(Exercise directions):
Starting at the top of the entries, restate word for word each line up to and including the one with "OYO Hotel Lake Charles Hwy 10".

^^^^

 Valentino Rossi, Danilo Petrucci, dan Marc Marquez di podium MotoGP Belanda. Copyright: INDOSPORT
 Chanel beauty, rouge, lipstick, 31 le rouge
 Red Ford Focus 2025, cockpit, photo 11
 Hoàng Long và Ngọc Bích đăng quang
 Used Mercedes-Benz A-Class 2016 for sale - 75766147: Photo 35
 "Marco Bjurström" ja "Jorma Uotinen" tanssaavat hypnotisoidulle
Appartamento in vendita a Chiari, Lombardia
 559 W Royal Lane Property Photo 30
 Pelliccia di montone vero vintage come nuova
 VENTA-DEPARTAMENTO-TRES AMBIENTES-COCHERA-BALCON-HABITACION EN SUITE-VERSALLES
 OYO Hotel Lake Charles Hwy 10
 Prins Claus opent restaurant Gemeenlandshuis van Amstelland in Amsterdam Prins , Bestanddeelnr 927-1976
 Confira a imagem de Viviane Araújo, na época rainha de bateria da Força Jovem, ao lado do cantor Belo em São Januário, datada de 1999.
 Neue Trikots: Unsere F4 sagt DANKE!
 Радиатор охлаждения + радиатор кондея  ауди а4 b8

^^^^

(Expected answer):
 Valentino Rossi, Danilo Petrucci, dan Marc Marquez di podium MotoGP Belanda. Copyright: INDOSPORT
 Chanel beauty, rouge, lipstick, 31 le rouge
 Red Ford Focus 2025, cockpit, photo 11
 Hoàng Long và Ngọc Bích đăng quang
 Used Mercedes-Benz A-Class 2016 for sale - 75766147: Photo 35
 "Marco Bjurström" ja "Jorma Uotinen" tanssaavat hypnotisoidulle
Appartamento in vendita a Chiari, Lombardia
 559 W Royal Lane Property Photo 30
 Pelliccia di montone vero vintage come nuova
 VENTA-DEPARTAMENTO-TRES AMBIENTES-COCHERA-BALCON-HABITACION EN SUITE-VERSALLES
 OYO Hotel Lake Charles Hwy 10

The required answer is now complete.